◆ Action item: Make an exact transcript of the lines in the data below, starting with the one containing "Altum Kaiserfisch Buntbarsch" and going on through the one containing "Las Vegas Raiders Black Crop Top", with both included and the pictures left out.

◆ Data supplied:
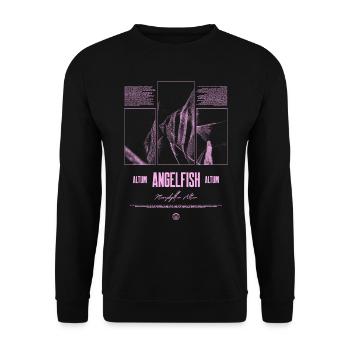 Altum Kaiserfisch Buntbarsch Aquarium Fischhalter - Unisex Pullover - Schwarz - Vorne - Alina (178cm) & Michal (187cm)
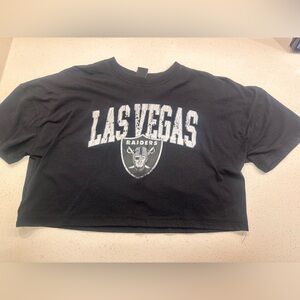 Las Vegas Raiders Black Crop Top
---
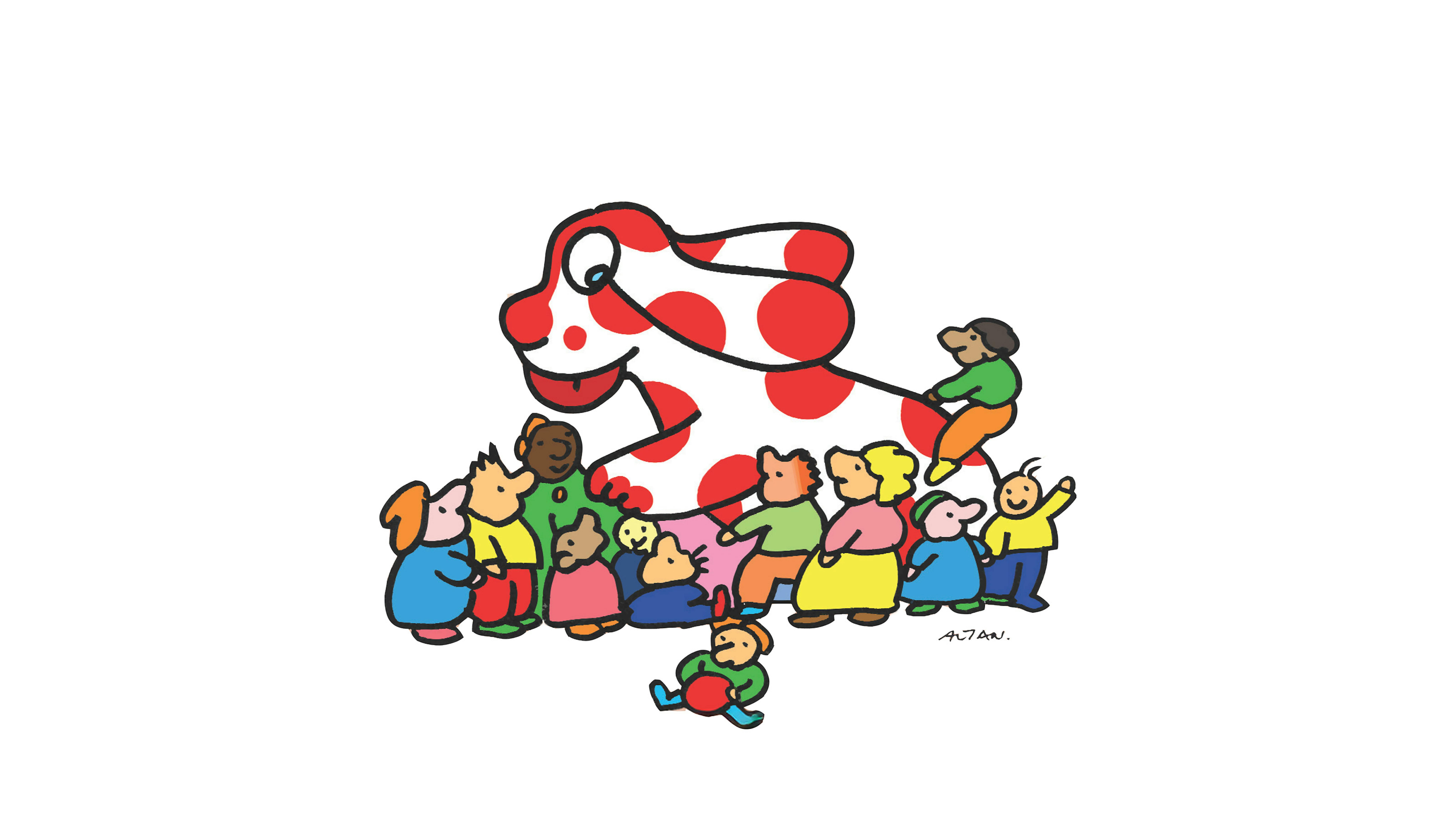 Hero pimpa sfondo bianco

◆ Task solution:
 Altum Kaiserfisch Buntbarsch Aquarium Fischhalter - Unisex Pullover - Schwarz - Vorne - Alina (178cm) & Michal (187cm)
 Las Vegas Raiders Black Crop Top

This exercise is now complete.